A graphic novel “Monstros”, de Barry Windsor-Smith, saiu aqui no final do ano passado. Mesmo tanto tempo depois, ainda acho que vale a pena falar da HQ, tal a sua qualidade. E, prometo, vou tentar evitar trocadilhos como “o talento de Windsor-Smith é monstruoso”...
Primeiro, vamos começar apresentando o artista. O britânico Windsor-Smith fez carreira nos EUA, onde mora desde 1971. Aliás, é uma carreira marcada pelo reconhecimento da crítica: talentoso, ele já ganhava prêmios por suas ilustrações em 1971, quando eu ainda nem era nascido. Neste caso, por uma história do Conan ilustrada por ele – Windsor-Smith dedicou sete anos consecutivos de sua carreira ao nobre guerreiro bárbaro.
Sua carreira tem uma grande participação na editora Marvel, onde publicou Conan entre 1970 e 1976. Depois, participou de histórias com personagens menores, como o Homem-Máquina e Ka-Zar, mas cresceu a ponto de trabalhar com os “figurões” da editora. Mais do que isso, aliás. Coube a Windsor-Smith não só ilustrar, mas também escrever a história que iluminaria um dos maiores mistérios da editora: a origem de Wolverine, o mais famoso dos X-Men. Esta história, “Arma X”, virou um marco na historiografia dos mutantes.

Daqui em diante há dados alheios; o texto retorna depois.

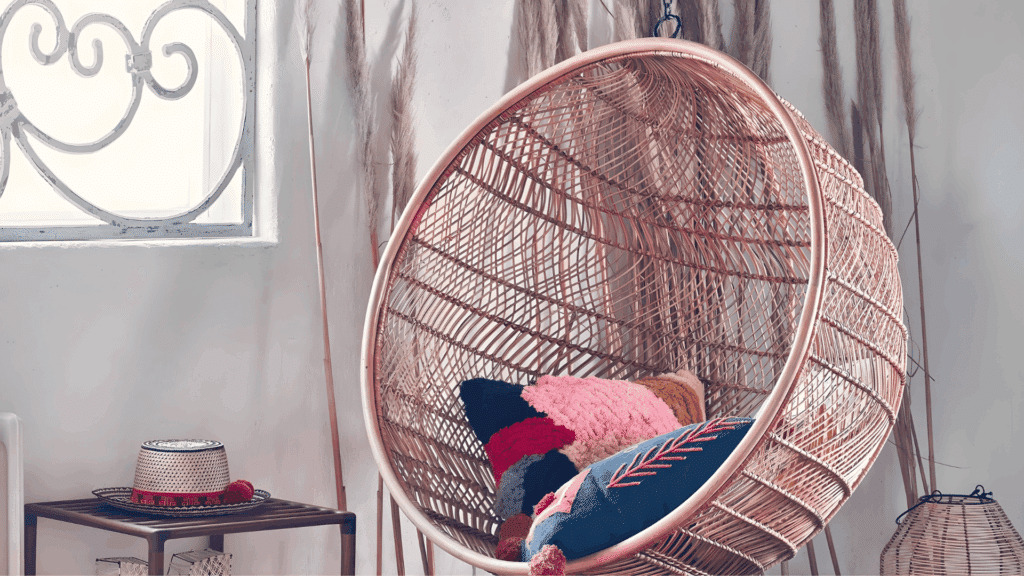 nostalgic 70s home interior ideas youll adore with hanging wicker egg chair colorful cushions soft sunlight and natural decor creating playful boho retro corner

Lá pelo meio dos anos 80, Windsor-Smith propôs uma complexa história do Hulk para a Marvel. O projeto não vingou por lá, mas a ideia ficou em sua cabeça. Décadas depois, muito mais maduro, Windsor-Smith lançou em 2021 nos EUA (e no ano seguinte no Brasil) a graphic novel “Monstros”. Ele estava havia 16 anos sem lançar nada.
“Monstros” é simplesmente um petardo. O livro começa pela história do jovem Bobby Bailey – as iniciais repetidas não são coincidência, se lembrarmos que a semente da história está relacionada a Bruce Banner, o Hulk.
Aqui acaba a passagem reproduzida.